Thank you for your indication.  Realistically I may not be able to produce too much until after my return from Kenya so maybe we recess for the summer? My work pressure is very high at the moment and I don't have much free time to commit to this work, much though I would like to.

I just want to address a couple of issues for your consideration:

The prosecution has never used the term 'murder in the first degree'.  It does not exist in English law and we have murder or manslaughter.  I believe the indictment in which murder in the first degree is mentioned was prepared by Your Honour?

I would submit that the prosecution does not need to use only one sub section of the Act, the defendant in this case can be either the military commander or the responsible person.  It is for the jury to decide upon the evidence.

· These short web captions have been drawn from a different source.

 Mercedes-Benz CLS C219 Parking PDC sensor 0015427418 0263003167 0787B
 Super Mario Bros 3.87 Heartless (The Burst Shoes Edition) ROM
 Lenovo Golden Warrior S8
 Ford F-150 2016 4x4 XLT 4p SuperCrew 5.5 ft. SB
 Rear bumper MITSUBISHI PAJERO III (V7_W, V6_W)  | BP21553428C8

From my reading of the defence submission there is a mixture of old Russian law and modern day legislation being used.  I thought you had already ruled that Russian law at the time was not appropriate or applicable to this case.

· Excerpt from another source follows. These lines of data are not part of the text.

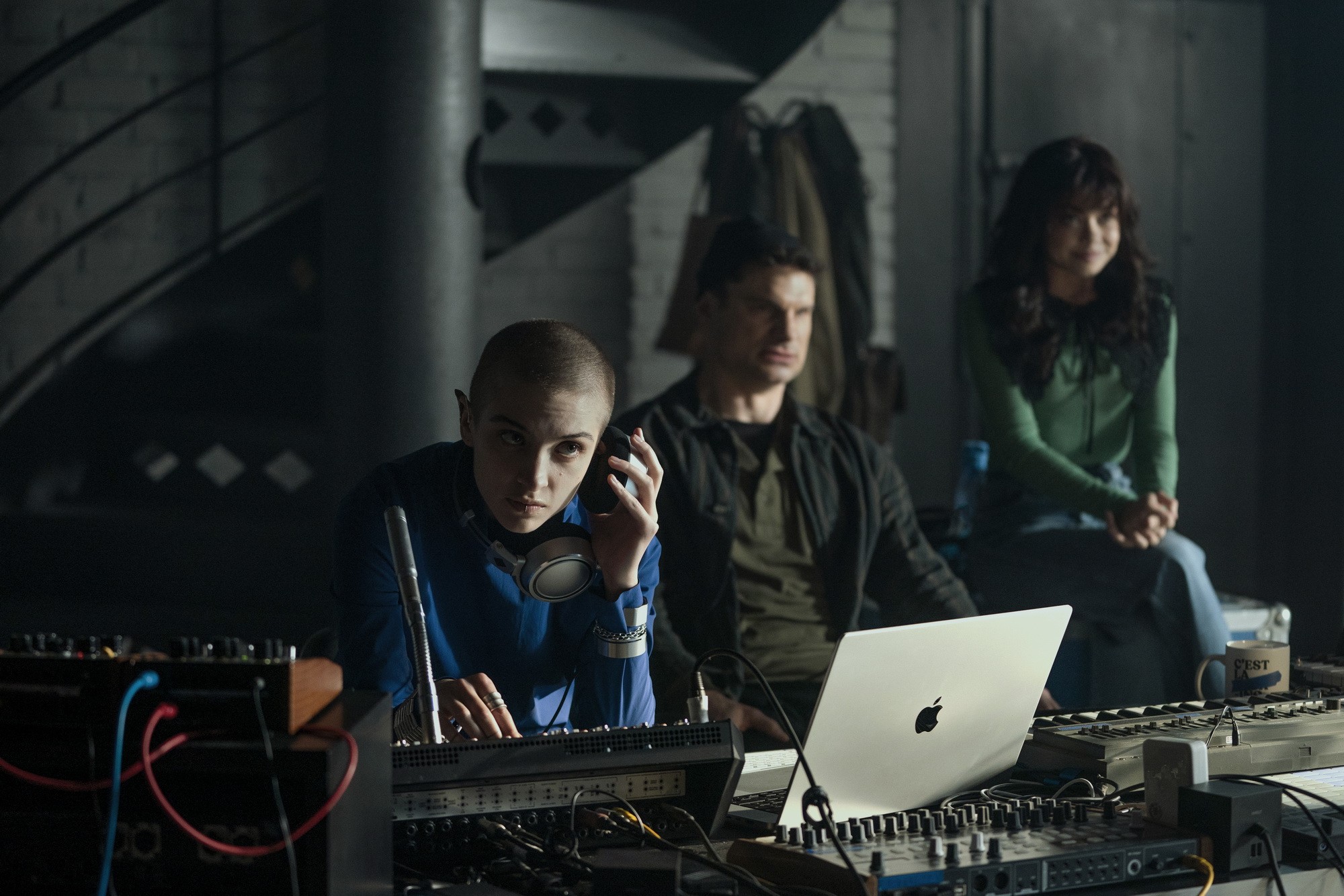 Сериал Идеальный голос: Бампер в Берлине (2022). Кадр N208304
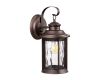 Уличный настенный светильник Odeon Light Mavret 4961/1W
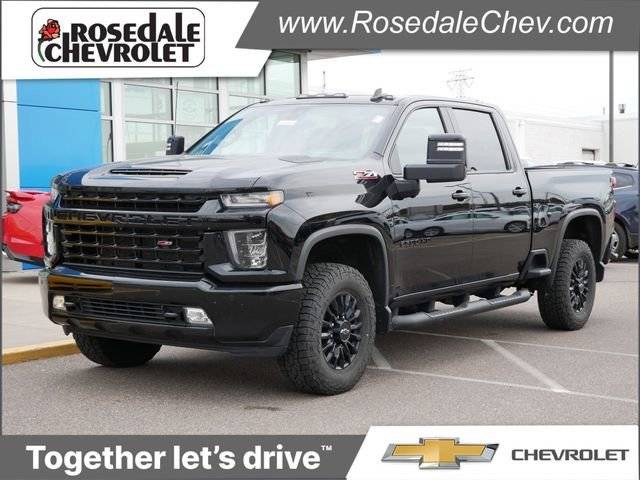 2022 Chevrolet Silverado 2500HD LTZ 4WD photo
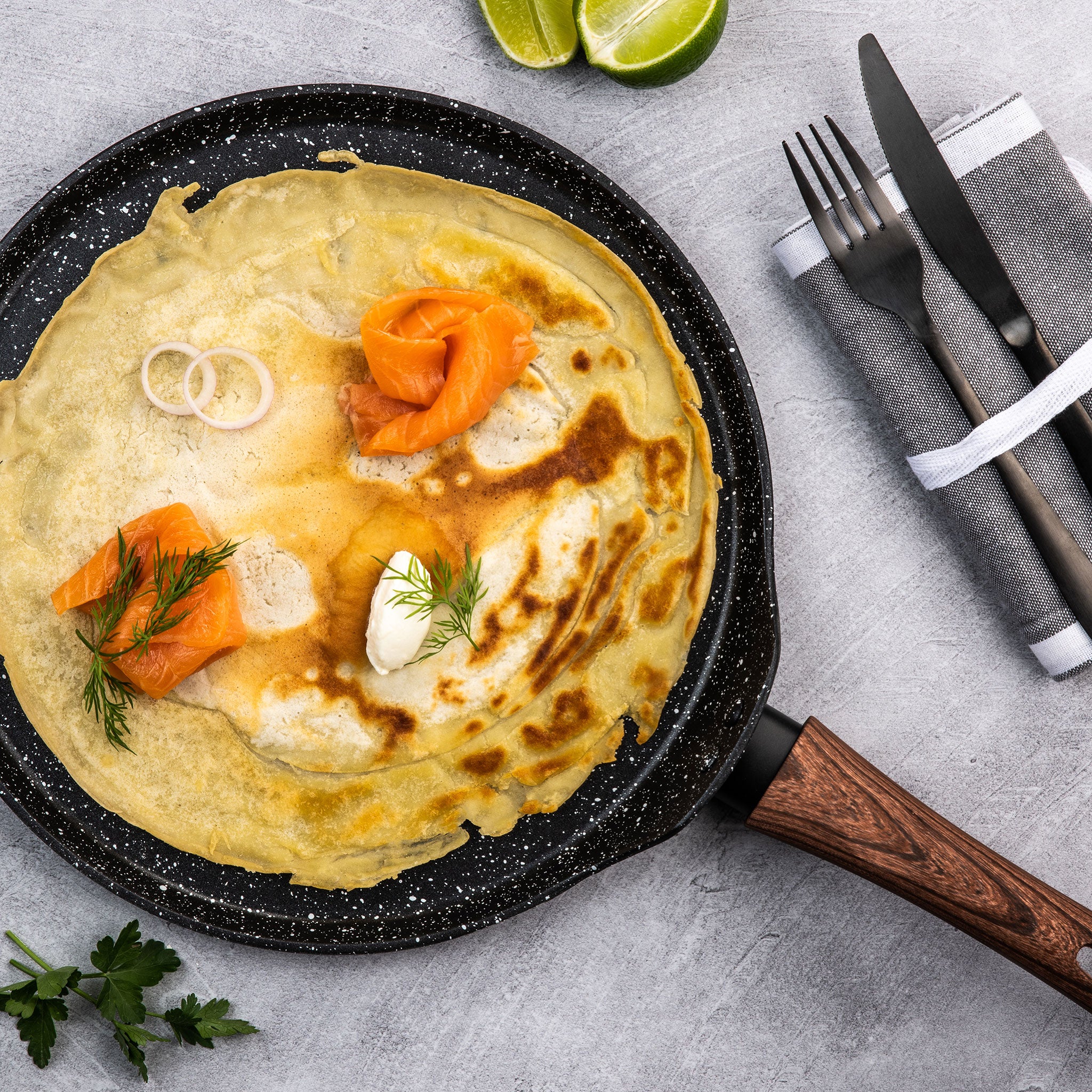 Westinghouse Special Edition Pannekakepanne - 28 cm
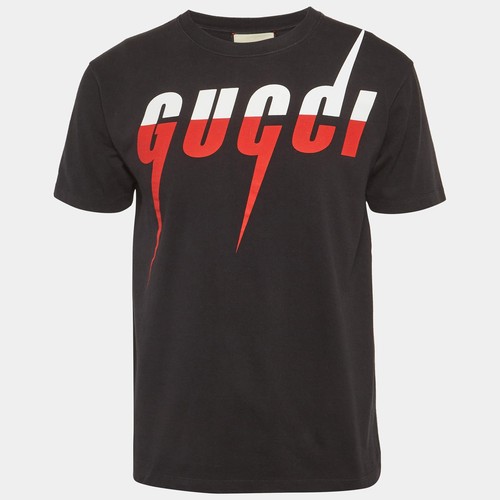 Gucci tshirt schwarz - gucci,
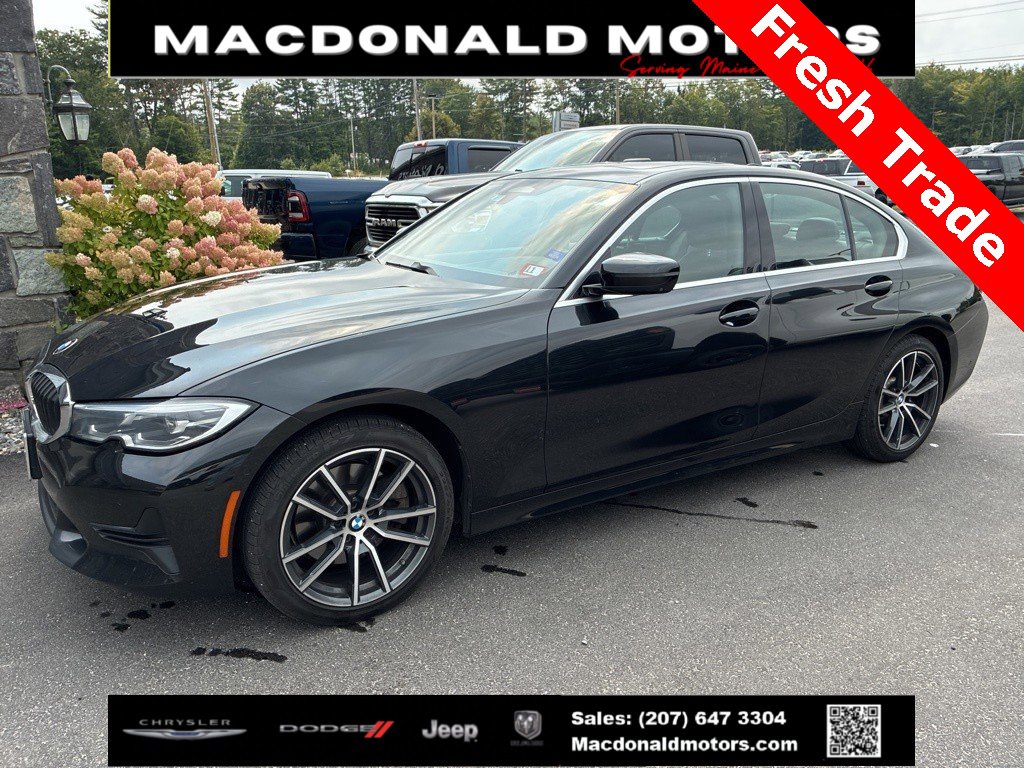 2020 BMW 3 Series 330i xDrive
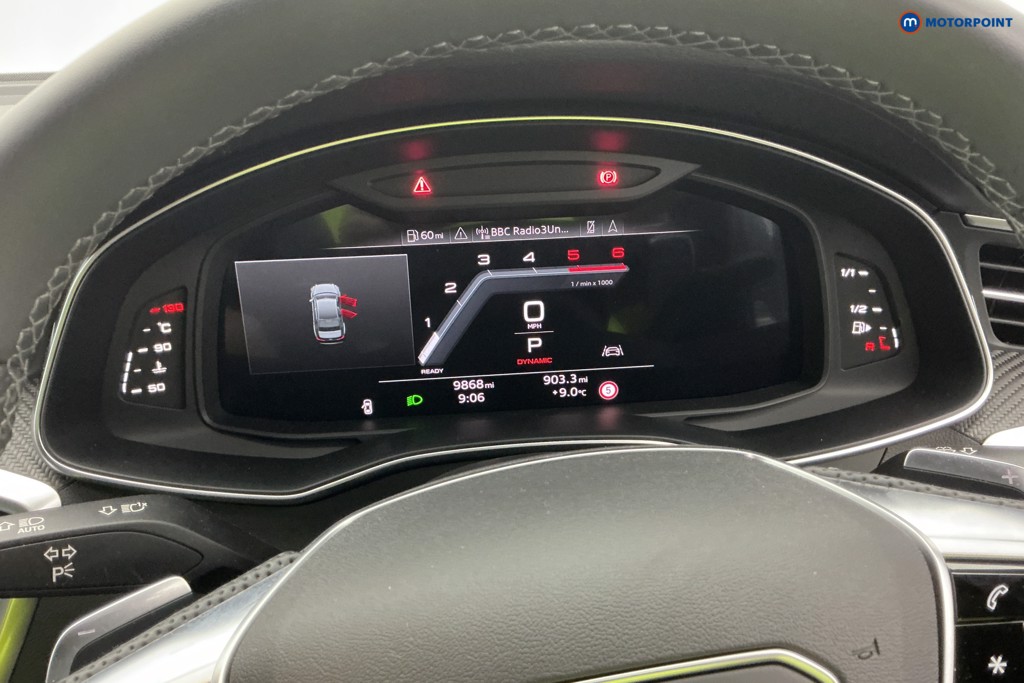 Audi A6 Black Edition Automatic Diesel Saloon - Stock Number (1603187) - 10th supplementary image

It is wrong for teh defence to suggest that teh defendant was not the supreme head of the military at the time.  He was as an autocrat.

If the defence are right in their submission about the defendant's accountability for the deaths in palace square then NO PERSON could ever be convicted under crimes against humanity legislation unless they were present at the secne of the atrocity.

The demonstrators represented the community I do not have to specify which community other than they were or had amongst them a substantial number of Russian people.

The number of dead cannot be accurately recorded, one death would in my submission be sufficient.